▽
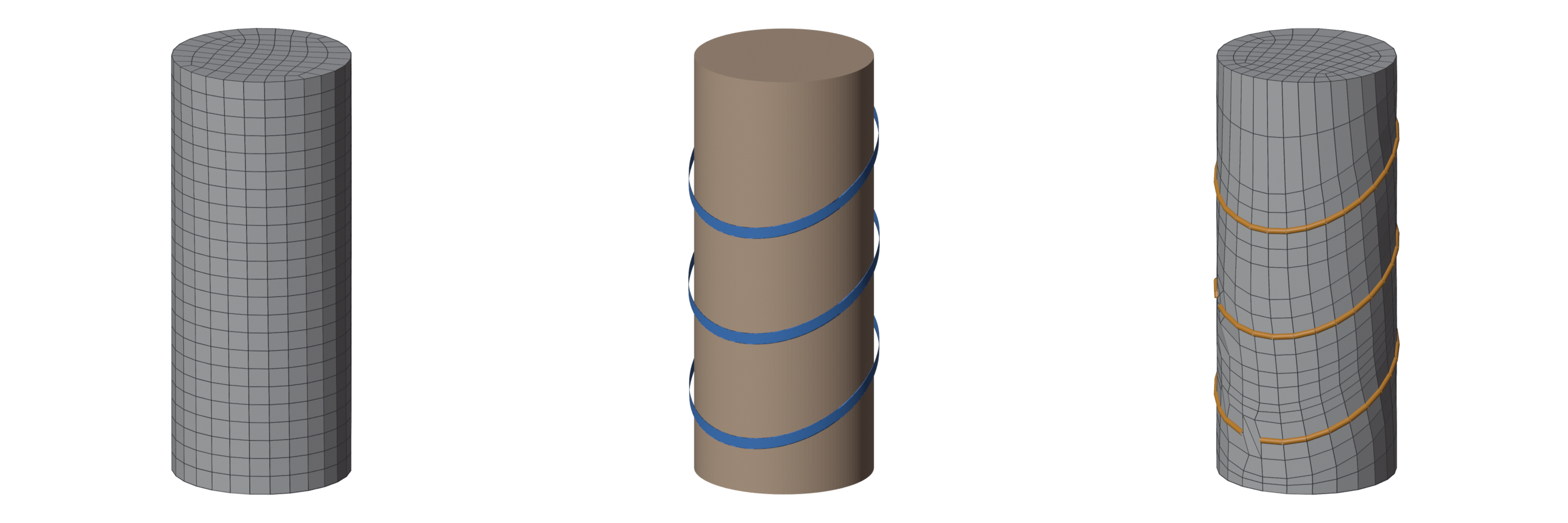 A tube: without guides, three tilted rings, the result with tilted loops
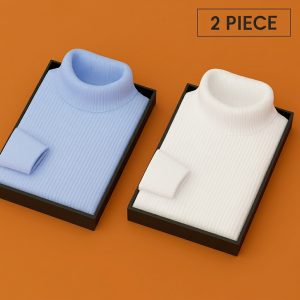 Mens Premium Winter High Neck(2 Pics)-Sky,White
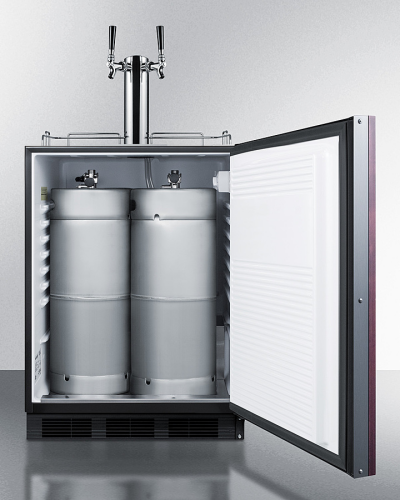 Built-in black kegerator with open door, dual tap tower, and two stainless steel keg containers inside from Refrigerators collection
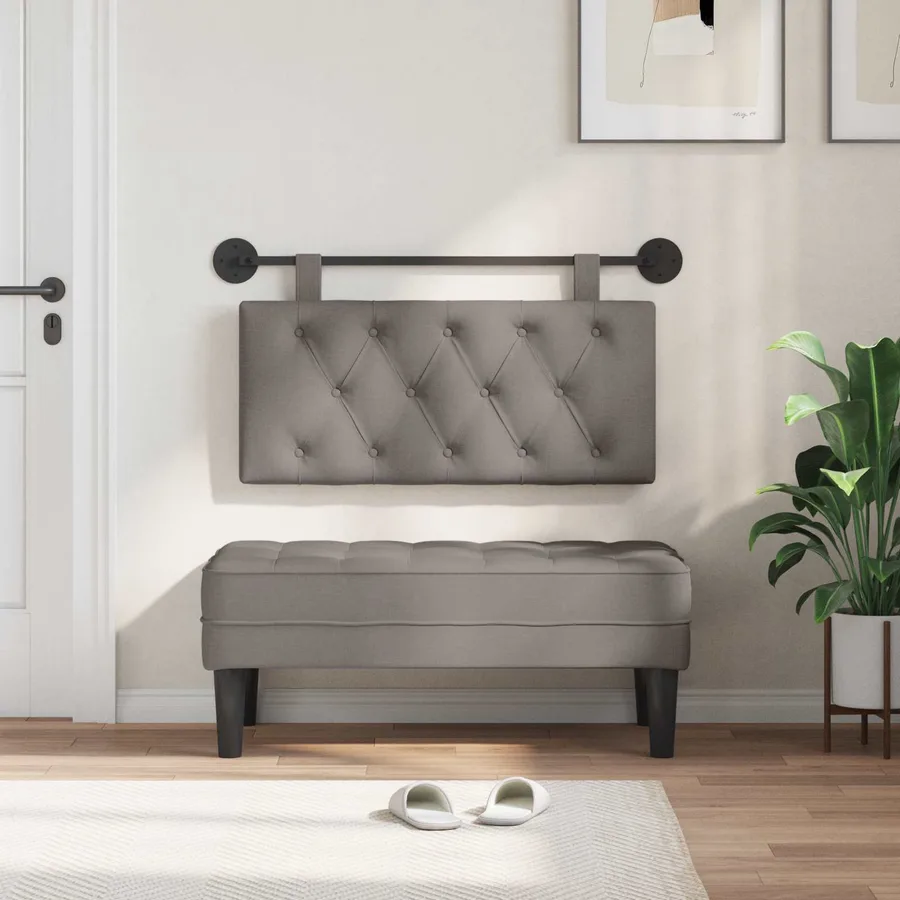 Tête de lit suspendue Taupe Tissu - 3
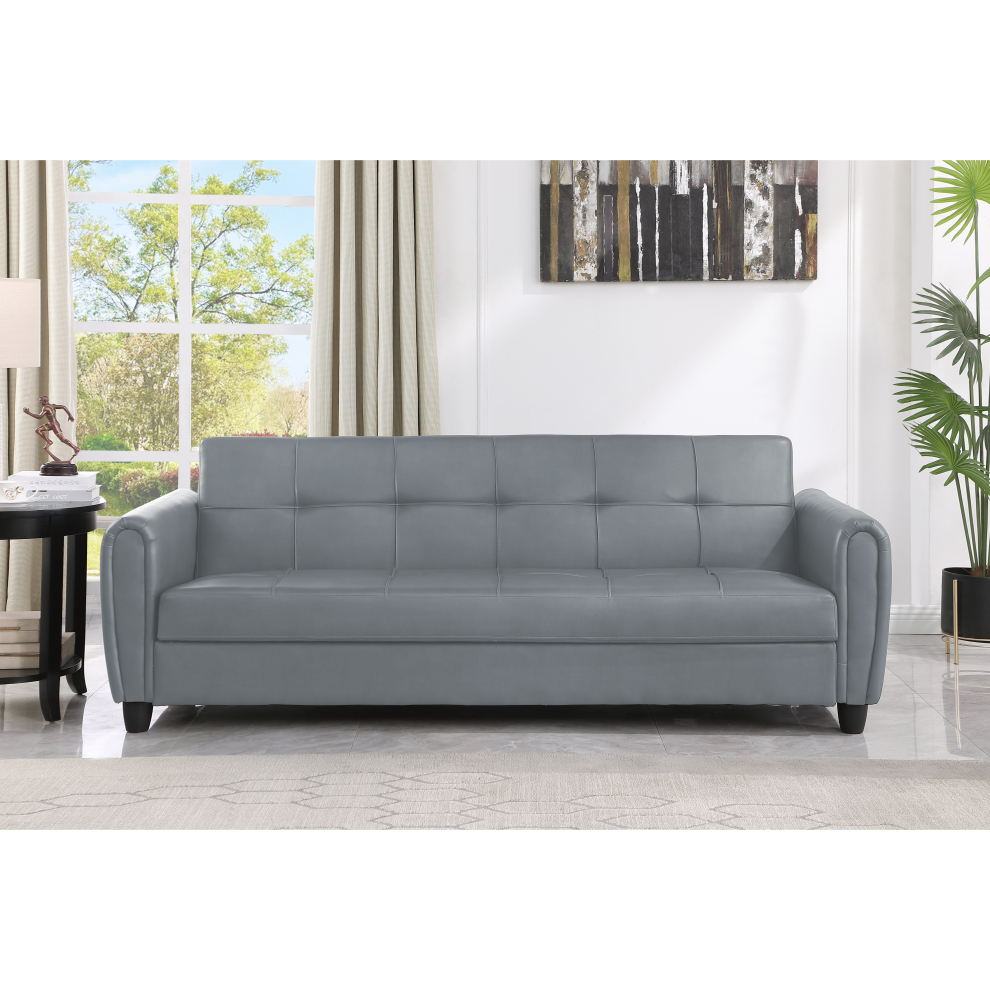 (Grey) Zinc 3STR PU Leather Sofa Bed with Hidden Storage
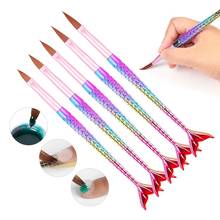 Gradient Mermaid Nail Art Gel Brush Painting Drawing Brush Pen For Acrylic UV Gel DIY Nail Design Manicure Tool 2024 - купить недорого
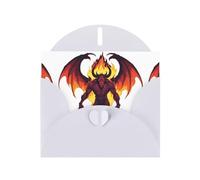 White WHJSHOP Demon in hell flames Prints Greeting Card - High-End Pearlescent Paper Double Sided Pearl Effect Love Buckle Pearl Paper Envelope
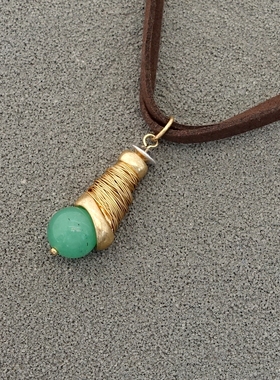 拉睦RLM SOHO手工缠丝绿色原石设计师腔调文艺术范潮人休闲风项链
△
> Exercise objective
All of the data is to be returned exactly, with no pictures included.

> Output of the task
 A tube: without guides, three tilted rings, the result with tilted loops
 Mens Premium Winter High Neck(2 Pics)-Sky,White
 Built-in black kegerator with open door, dual tap tower, and two stainless steel keg containers inside from Refrigerators collection
 Tête de lit suspendue Taupe Tissu - 3
 (Grey) Zinc 3STR PU Leather Sofa Bed with Hidden Storage
 Gradient Mermaid Nail Art Gel Brush Painting Drawing Brush Pen For Acrylic UV Gel DIY Nail Design Manicure Tool 2024 - купить недорого
 White WHJSHOP Demon in hell flames Prints Greeting Card - High-End Pearlescent Paper Double Sided Pearl Effect Love Buckle Pearl Paper Envelope
 拉睦RLM SOHO手工缠丝绿色原石设计师腔调文艺术范潮人休闲风项链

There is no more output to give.